Councillors are being warned that there may be no chance of legal action against a company that owes Brighton and Hove City Council more than £3 million.
Coin Co International (CCI) went into administration in November 2014, just three months after the council ended its cash collection contract because of poor performance and slow payments.
The company was paid almost £300,000 a year to collect more than £11 million cash from council parking meters and £8 million cash from council offices and schools. It also handled £21 million in cheques.
A report to the council’s Audit and Standards Committee said that taking legal action would be high risk.
When the committee met last July, Conservative councillor Tony Janio said that the council should go after the company even if it was just for deterrent value.
The administrators started legal proceedings for breach of duty against the directors of the company and achieved a settlement of £550,000.

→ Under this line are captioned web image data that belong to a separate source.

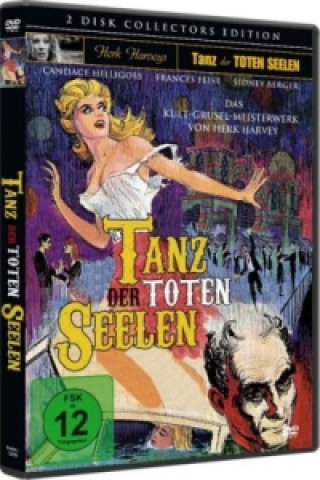 Video Tanz der toten Seelen - Carnival of Souls, 2 DVDs (Collector's Edition;Director's Cut) Herk Harvey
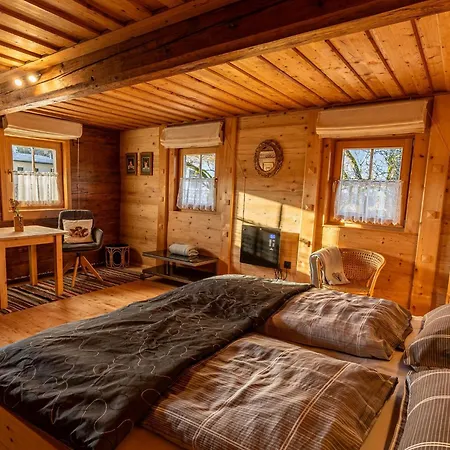 With Tradition In The Alpbachtal Breitenbach am Inn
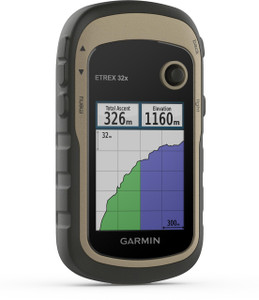 Etrex 32x, made by Garmin - Etrex 32x, made by Garmin -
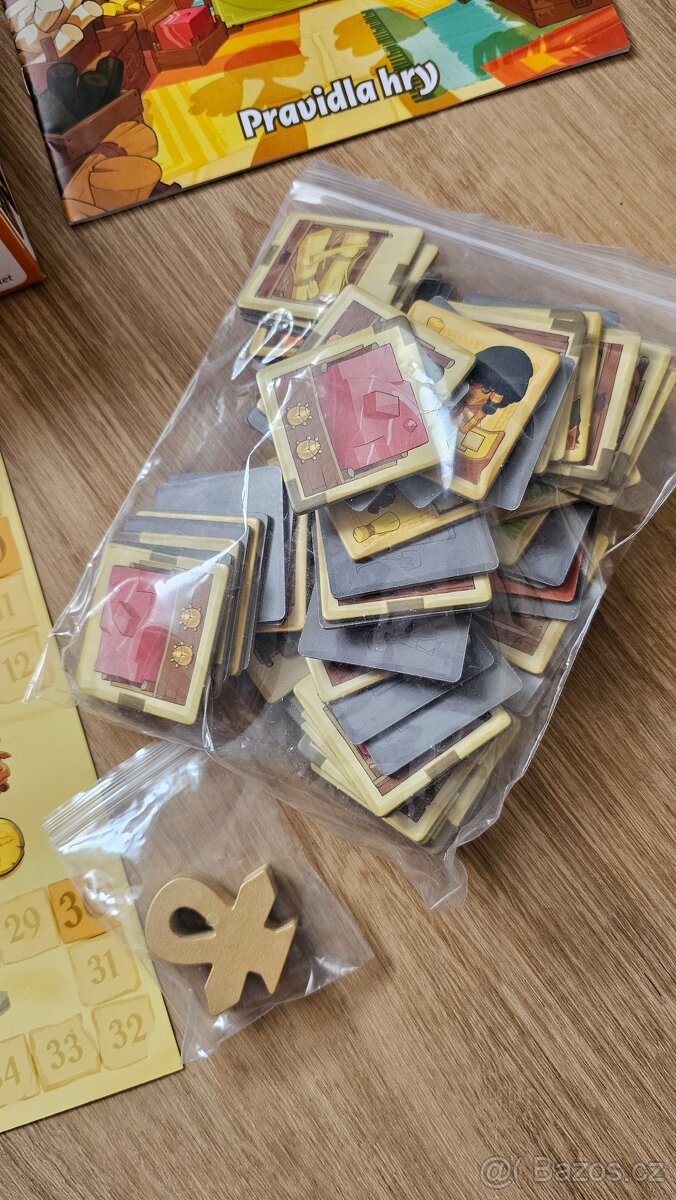 Sobek - desková hra Mindok - 4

This action, according to council officials, may prevent the council from being able to bring a claim for wrongful trading.
The report also cautions against taking legal action against Coin Co’s bank and the administrators.

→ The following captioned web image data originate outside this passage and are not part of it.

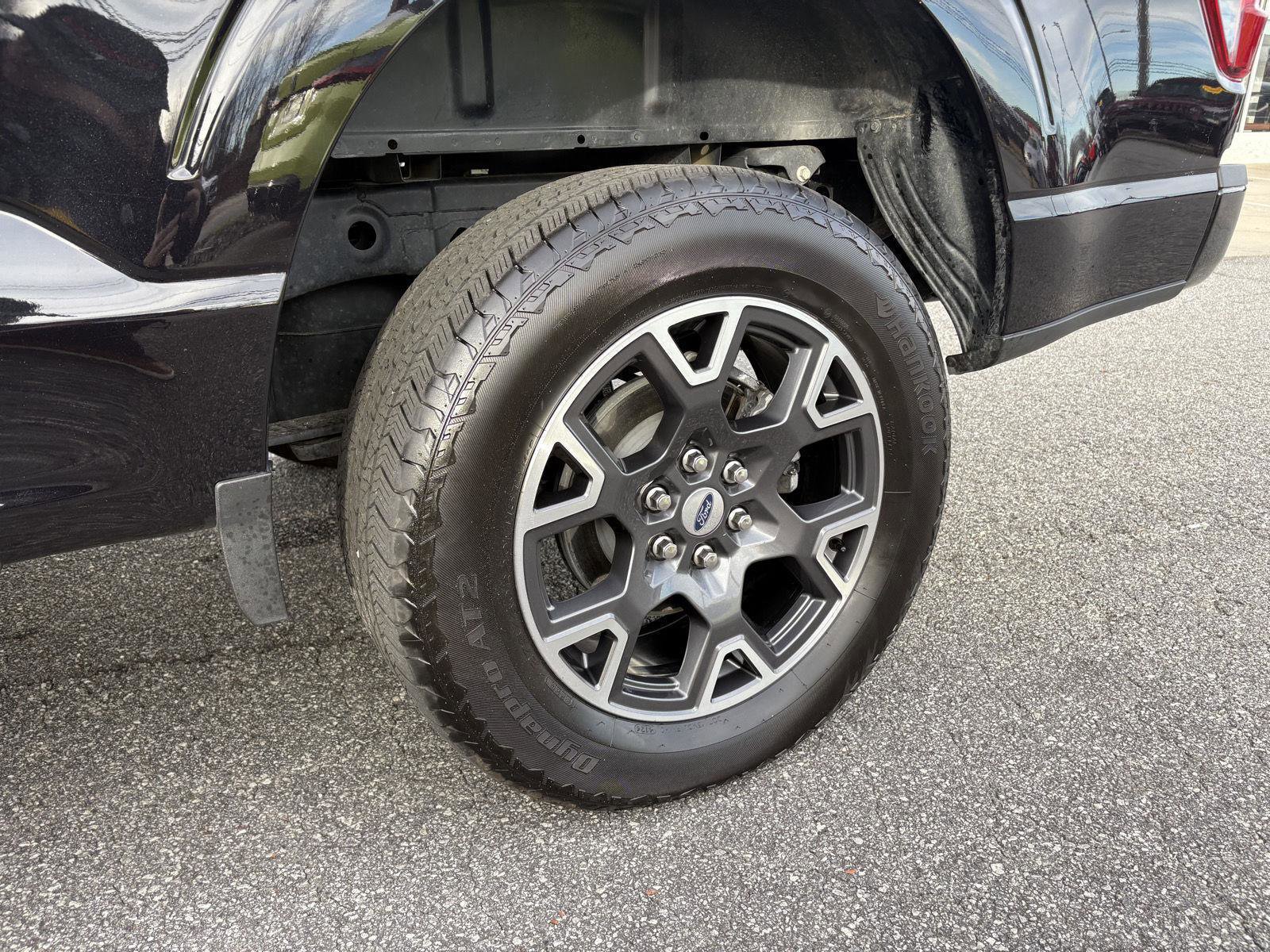 Used 2025 Ford F150 STX w/ Equipment Group 200A image 11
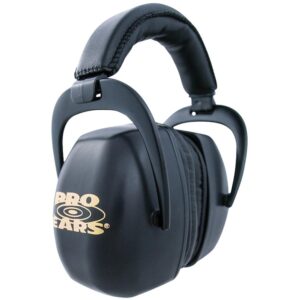 Pro Ears Ultra Pro Passive Earmuff 30 dB Noise Reduction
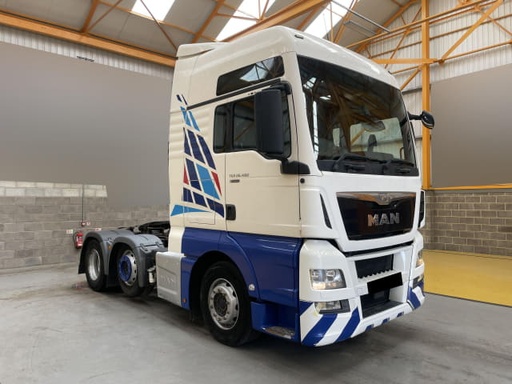 2016 MAN TGX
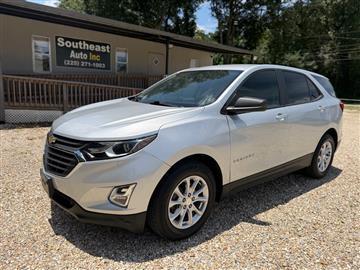 2020 Chevrolet Equinox LS 2WD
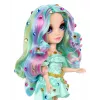 Muñecas de moda Rainbow High Be Dazzling - Celine Türkis (turquesa)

It said: “Bringing claims against the former administrators and/or the company’s banker is evaluated as very high risk.
“The ability to bring claims is very uncertain and would need external legal advice.

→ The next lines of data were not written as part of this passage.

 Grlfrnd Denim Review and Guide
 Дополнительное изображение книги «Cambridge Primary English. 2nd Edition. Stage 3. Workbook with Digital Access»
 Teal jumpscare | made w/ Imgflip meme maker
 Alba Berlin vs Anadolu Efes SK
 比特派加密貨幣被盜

“In addition, both are large, well-resourced organisations who would therefore be able to mount strong legal defences.
“The legal costs to challenge either would be very substantial and therefore present a very high financial risk to the authority.”
According to the report, administrators believe that Coin Co may have been trading insolvently from 2011, just a year after it started handling the council’s cash.
Administrators found that the company was losing money for years because of a flawed business model and pricing structure.
Moving cash from a wide range of clients across several bank accounts meant that the company could support its cash flow for a while.
Coin Co went into administration in November 2014, owing its creditors more then £10 million. It went into liquidation on Friday 30 November last year.
Problems with delayed payments started in 2012, with the council asking for improvements.
They deteriorated again in 2014 when the council ended its contract in the August and demanded the £3.243 million it was owed.
The report said: “It is now clear that during 2014 other smaller creditors had also given notice, presumably due to similar performance concerns, and this ultimately resulted in the company’s insolvency.
“During the period of performance concerns there were constant communications between officers and the company’s directors, including site visits.”
In June last year, the four directors, former Metropolitan Police officer John Baker, 71, and his wife Doreen Baker, 72, of Hassocks, their son Sean Baker, 48, of Burgess Hill, and daughter Joanne Baker, 46, of Belton Road, Brighton, were banned from running any business for eight years each.
Officers advise the committee against pursuing the directors for the cash as they have already paid substantial legal costs in their disqualification case, the £500,000 settlement and have outstanding fees and costs to pay.
The council is not a secured creditor but the bank Santander is – and it is still owed £333,000 after administrators recovered stock and cash worth just over £2 million.
The council has since reduced the number of parking machines that accept coins and has switched increasingly to payment by card, phone or app.
The Audit and Standards Committee is due meet on Tuesday (8 January). The meeting, which starts at 4pm, is held in public.